[Records from a data source]
========================================

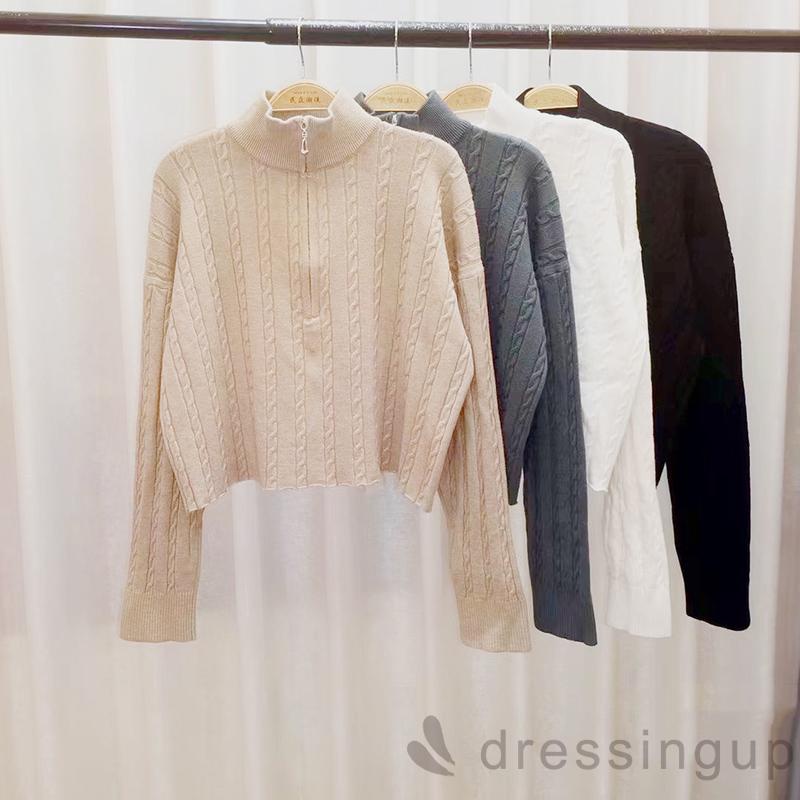 Áo Len Tay Dài Cổ Cao Màu Trơn Có Khóa Kéo Thời Trang Cho Nữ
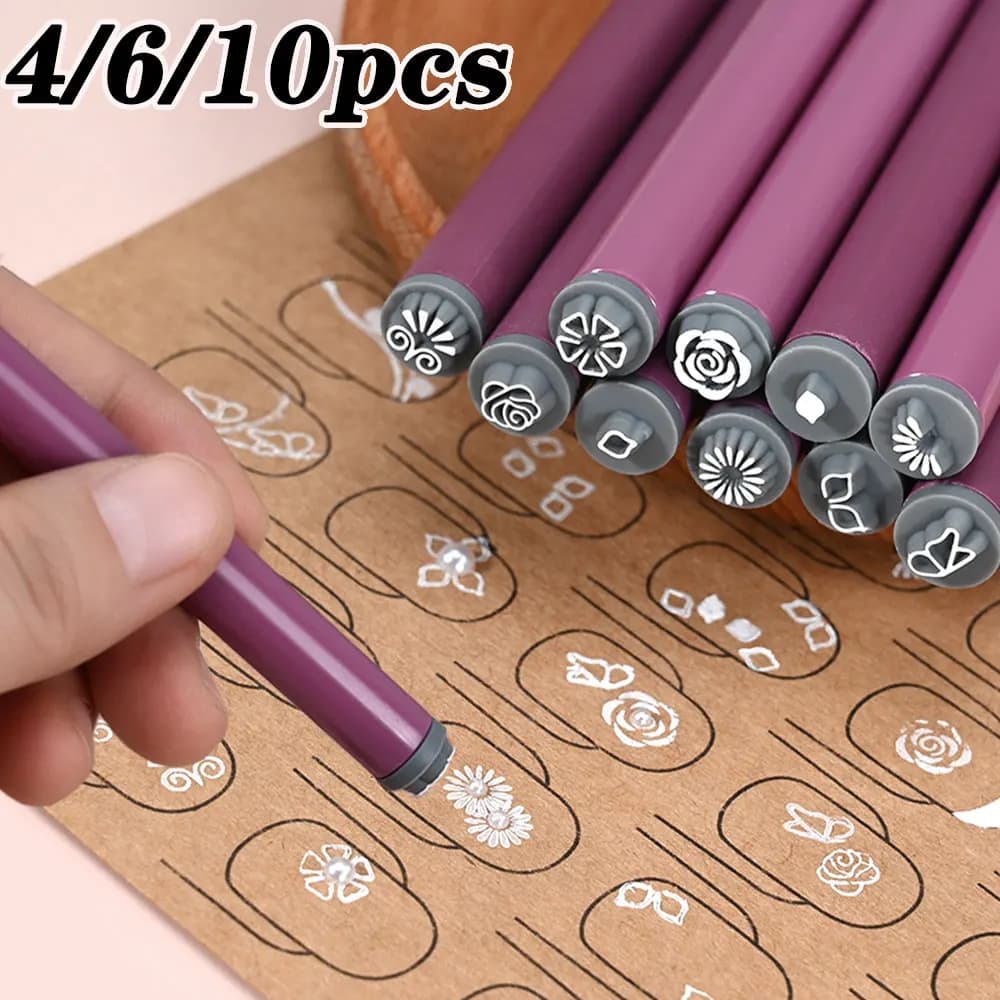 4/6/10 pezzi Modelli di fiori e farfalle Penne per timbri per nail art Testa in silicone Strumenti per timbratura/puntura per unghie Inchiostro ad asciugatura rapida Design per unghie
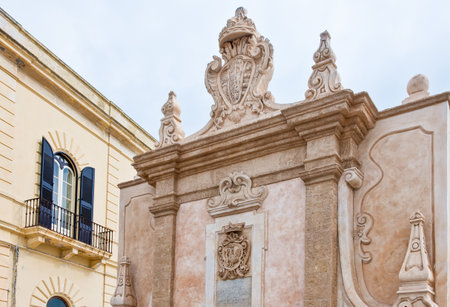 Gallipoli, Italy - April 16, 2010:  View of the Ellenistica fountain on the deafrontのeditorial素材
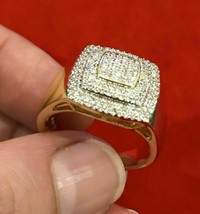 Imitación 2.20CT Diamante Hombres 14K Oro Amarillo Chapado Anillo de Boda - £150.92 GBP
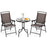 3 Pieces Patio Round Table and Folding Chairs Set with Rippled Tempered Glass Tabletop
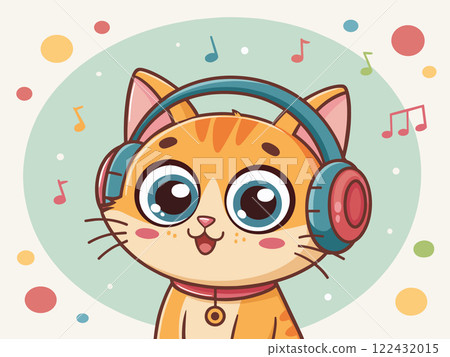 Adorable cat is wearing a headphone and listening to music Adorable cat is wearing a headphone and listening to music 122432015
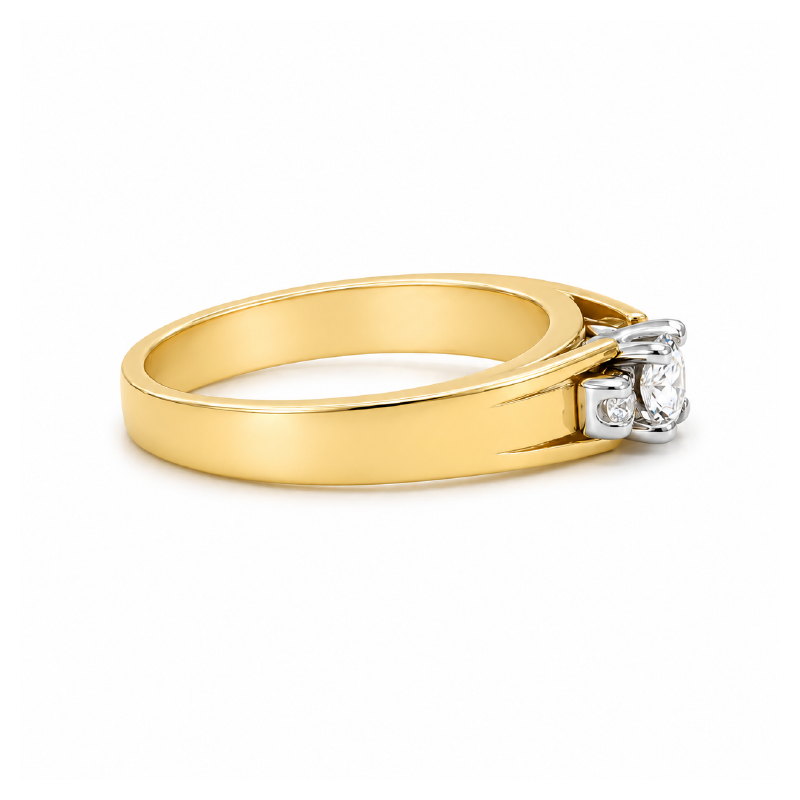 14K Yellow and White Gold 0.25CT Diamond Ring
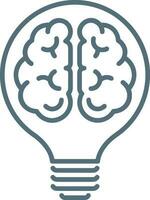 Brain idea symbol icon vector image. Illustration of the creative intelligence think design image. EPS 10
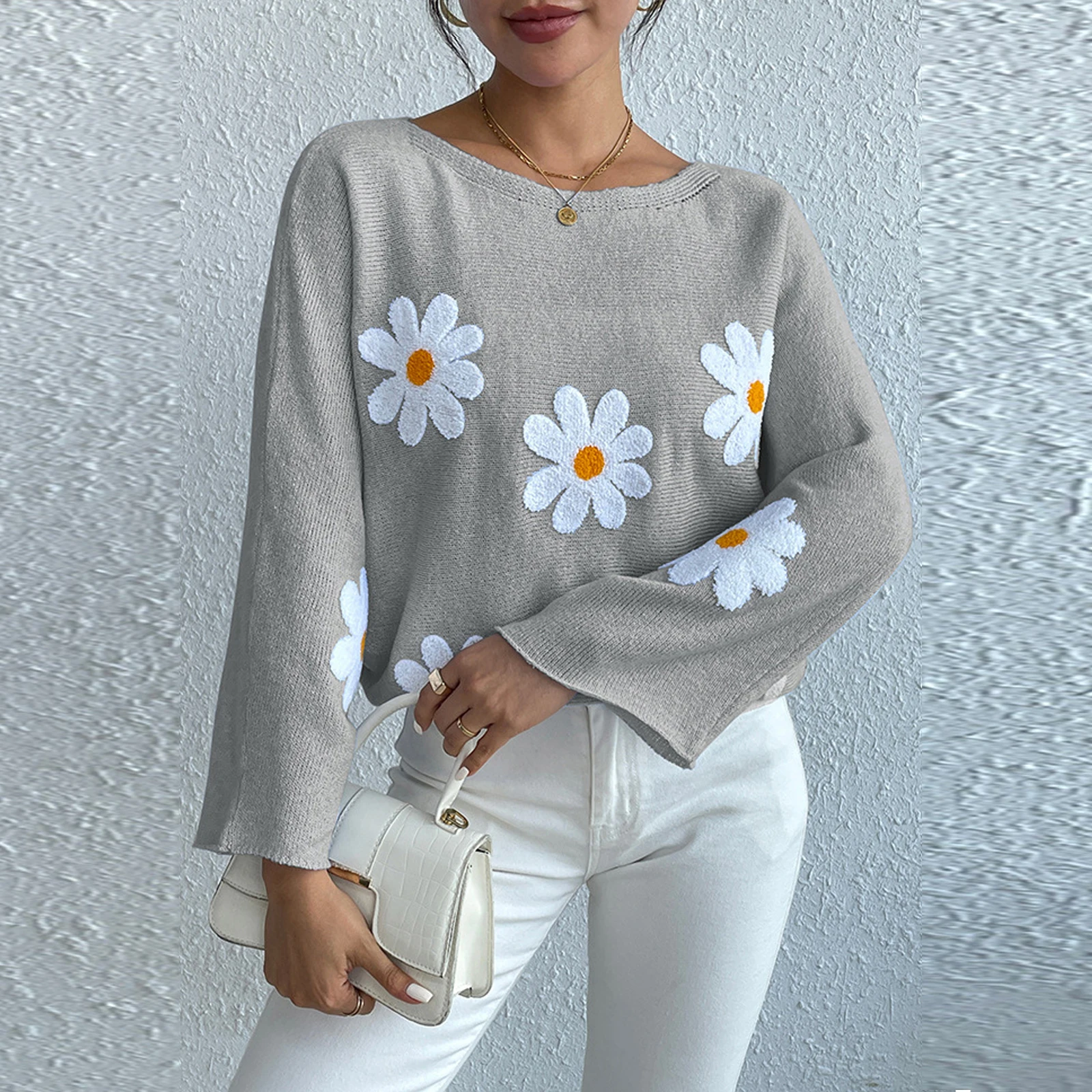 Pull en tricot esthétique à manches longues pour femmes, pulls brodés de fleurs douces, pulls à col bateau, pulls décontractés, Y2K, printemps et automne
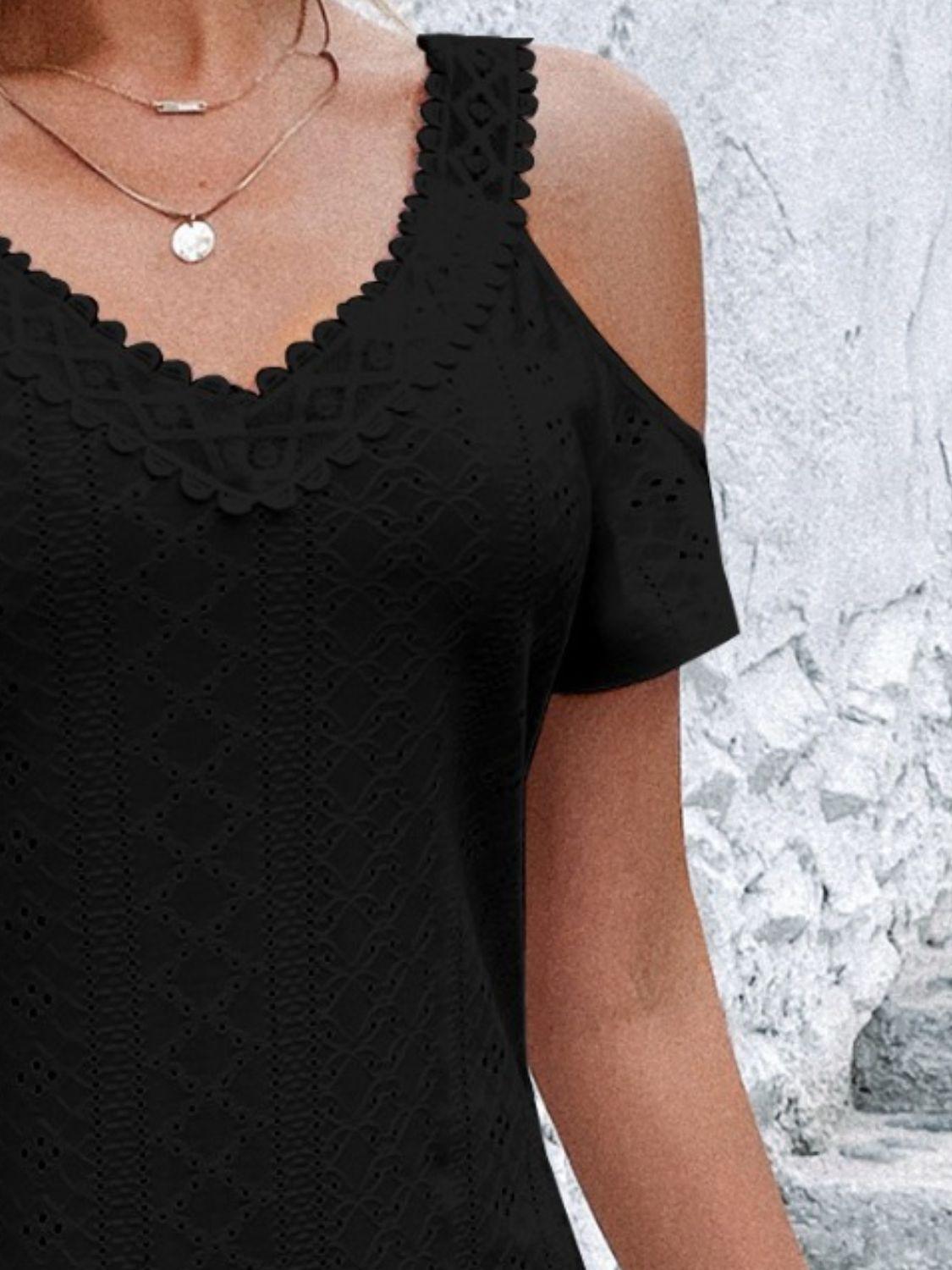 Eyelet V-Neck Cold Shoulder Mini Dress - ClubOn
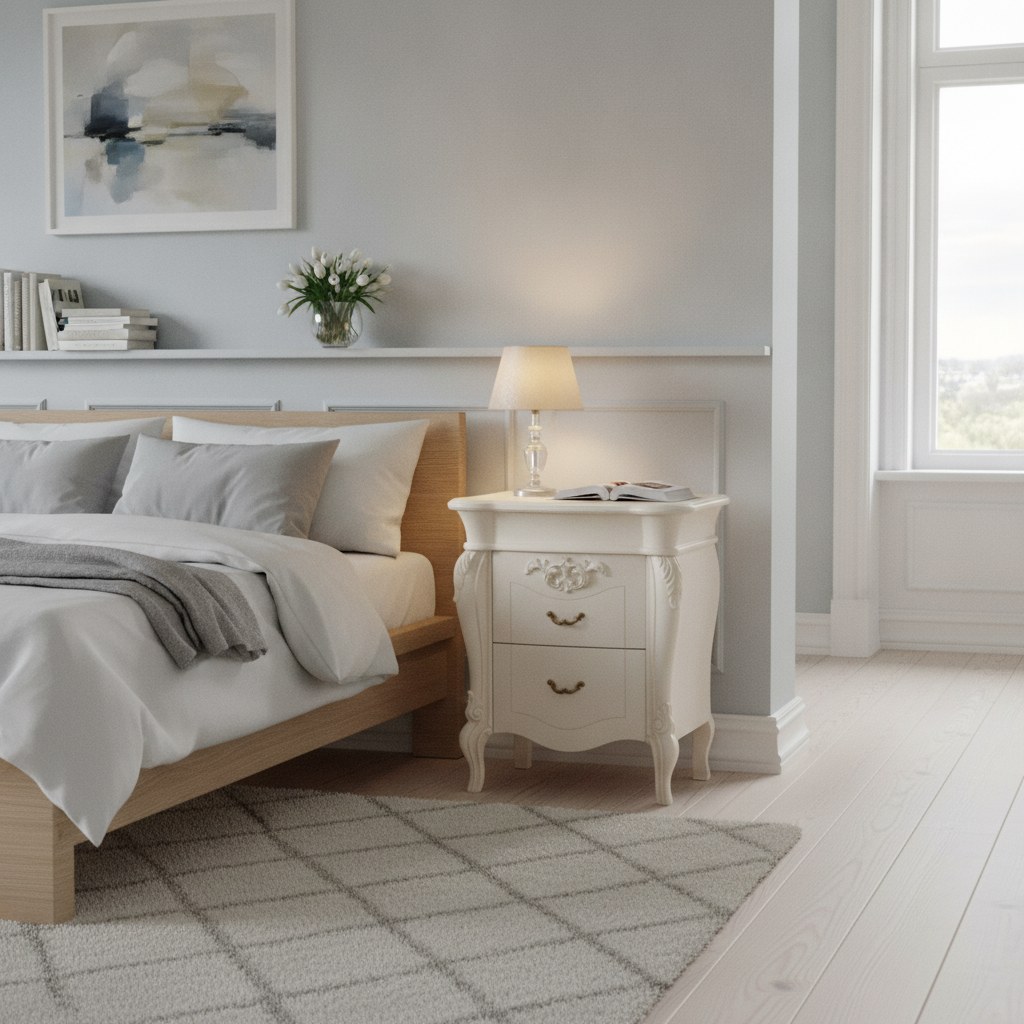 Barok natbord med marmorplade og bordlampe ved en seng i en dansk villa fra Casa Padrino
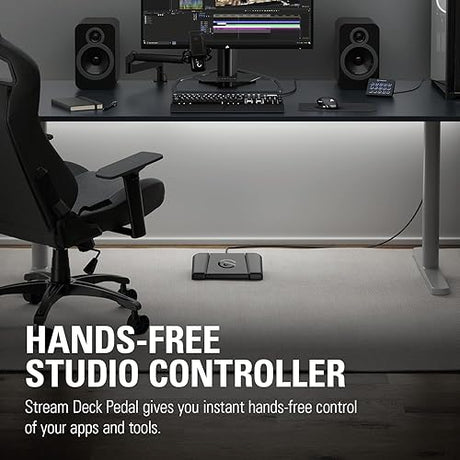 Elgato Stream Deck Pedal – Hands-Free Studio Controller, 3 Macro footswitches, Trigger Actions in apps and Software Like OBS, Twitch, YouTube and More, Works with Mac and PC, Black, 10GBF9901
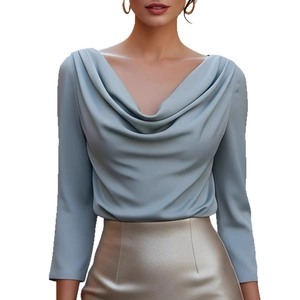 Elegant light blue draped neck long sleeve satin blouse for women with a sleek fit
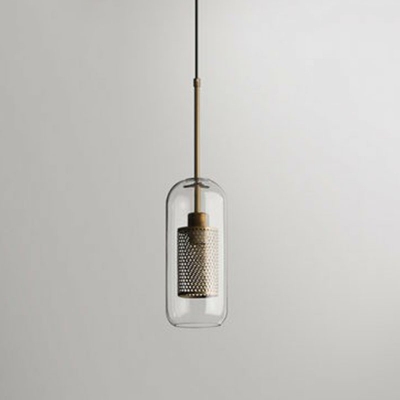 Gold Mesh Screen Pendant Lighting Minimalist 1-Light Metal Hanging Lamp with Clear Glass Shade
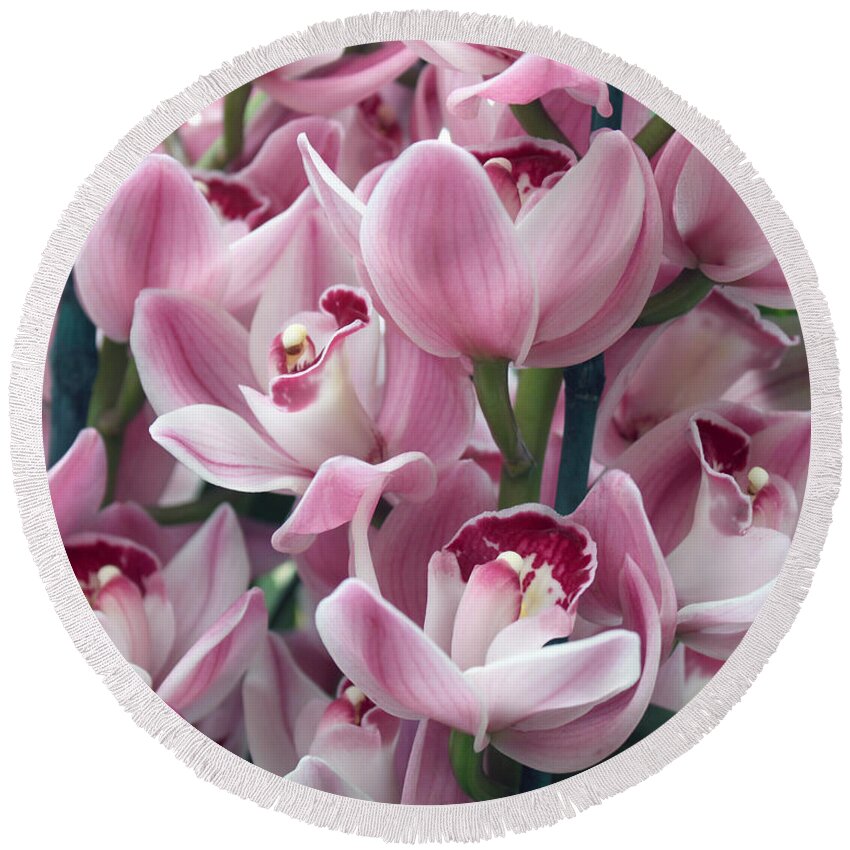 Plant Round Beach Towel featuring the photograph Pink Orchids #2 by Debbie Hart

========================================

**HOW TO COMPLETE THIS TASK:**
What do the entries above read from the line containing "Gallipoli, Italy - April" through the line containing "14K Yellow and"? Output those lines exactly, both ends included, with the pictures left out.

**ANSWER TO THIS TASK:**
 Gallipoli, Italy - April 16, 2010:  View of the Ellenistica fountain on the deafrontのeditorial素材
 Imitación 2.20CT Diamante Hombres 14K Oro Amarillo Chapado Anillo de Boda - £150.92 GBP
 3 Pieces Patio Round Table and Folding Chairs Set with Rippled Tempered Glass Tabletop
 Adorable cat is wearing a headphone and listening to music Adorable cat is wearing a headphone and listening to music 122432015
 14K Yellow and White Gold 0.25CT Diamond Ring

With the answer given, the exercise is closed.